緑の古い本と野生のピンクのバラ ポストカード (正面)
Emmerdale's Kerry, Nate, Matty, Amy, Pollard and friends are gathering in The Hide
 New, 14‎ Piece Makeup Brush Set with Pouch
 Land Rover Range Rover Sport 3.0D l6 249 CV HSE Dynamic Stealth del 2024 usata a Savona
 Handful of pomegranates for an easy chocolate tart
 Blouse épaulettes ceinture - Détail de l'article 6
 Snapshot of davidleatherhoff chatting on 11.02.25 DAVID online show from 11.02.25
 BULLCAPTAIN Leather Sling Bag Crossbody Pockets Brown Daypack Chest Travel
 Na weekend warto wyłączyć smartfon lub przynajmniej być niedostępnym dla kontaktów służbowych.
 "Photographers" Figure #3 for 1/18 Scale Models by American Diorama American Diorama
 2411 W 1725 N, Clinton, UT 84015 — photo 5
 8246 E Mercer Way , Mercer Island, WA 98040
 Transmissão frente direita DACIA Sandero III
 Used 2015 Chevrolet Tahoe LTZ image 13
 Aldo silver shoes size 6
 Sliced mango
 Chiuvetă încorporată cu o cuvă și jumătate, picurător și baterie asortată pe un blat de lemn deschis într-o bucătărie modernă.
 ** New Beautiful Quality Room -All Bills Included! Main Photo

┄┄┄┄┄┄

:: HOW TO COMPLETE THIS TASK ::
Restate word for word the lines from the line containing "Na weekend warto" through the last line of the listing, inclusive, and nothing beyond them.

:: OUTPUT OF THE TASK ::
 Na weekend warto wyłączyć smartfon lub przynajmniej być niedostępnym dla kontaktów służbowych.
 "Photographers" Figure #3 for 1/18 Scale Models by American Diorama American Diorama
 2411 W 1725 N, Clinton, UT 84015 — photo 5
 8246 E Mercer Way , Mercer Island, WA 98040
 Transmissão frente direita DACIA Sandero III
 Used 2015 Chevrolet Tahoe LTZ image 13
 Aldo silver shoes size 6
 Sliced mango
 Chiuvetă încorporată cu o cuvă și jumătate, picurător și baterie asortată pe un blat de lemn deschis într-o bucătărie modernă.
 ** New Beautiful Quality Room -All Bills Included! Main Photo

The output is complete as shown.